Conclusion and Future Directions
The DeepSeek-R1 research represents a significant step forward in developing LLMs with strong reasoning capabilities. The use of reinforcement learning, both with and without a supervised cold start, has proven to be a powerful approach.
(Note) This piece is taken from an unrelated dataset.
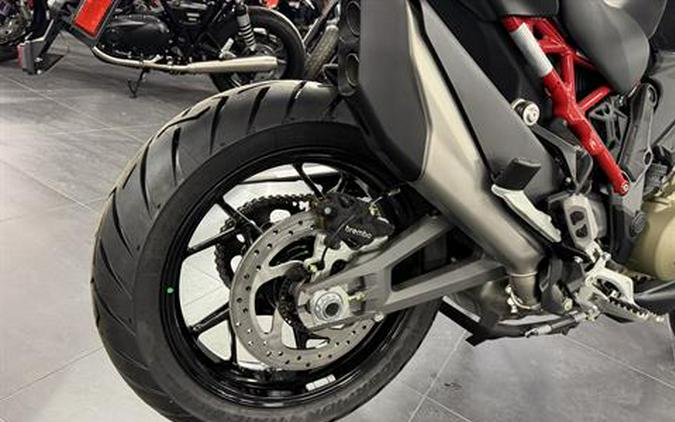 2025 Ducati Multistrada V4 S Travel & Radar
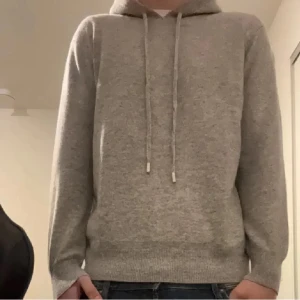 Grå Merinoull Hoodie - Merinoull hoodie i grå färg, mycket bra skick förut att den är lite nopprig. Men går lätt att fixa med en ull kam. Inga defekter eller så. Storlek M men passar också S. Köpte den för 799kr online men säljer den för endast 299kr. Kontakta mig om du har frågor✅😀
Moreover, the ability to distill these reasoning skills into smaller models opens up exciting possibilities for deploying advanced reasoning in resource-constrained environments.
The authors also outline several promising directions for future work:
- Improving General Capabilities: Enhancing DeepSeek-R1's performance on tasks like function calling, multi-turn conversation, and complex role-playing.
- Addressing Language Mixing: Optimizing the model for languages beyond Chinese and English.
- Refining Prompting Engineering: Reducing the model's sensitivity to prompt variations.
- Tackling Software Engineering Tasks: Applying large-scale RL more effectively to software engineering benchmarks.
This research is a testament to the power of reinforcement learning in unlocking new levels of intelligence in artificial systems. As LLMs continue to evolve, we can expect even more impressive reasoning capabilities to emerge, bringing us closer to the goal of AGI.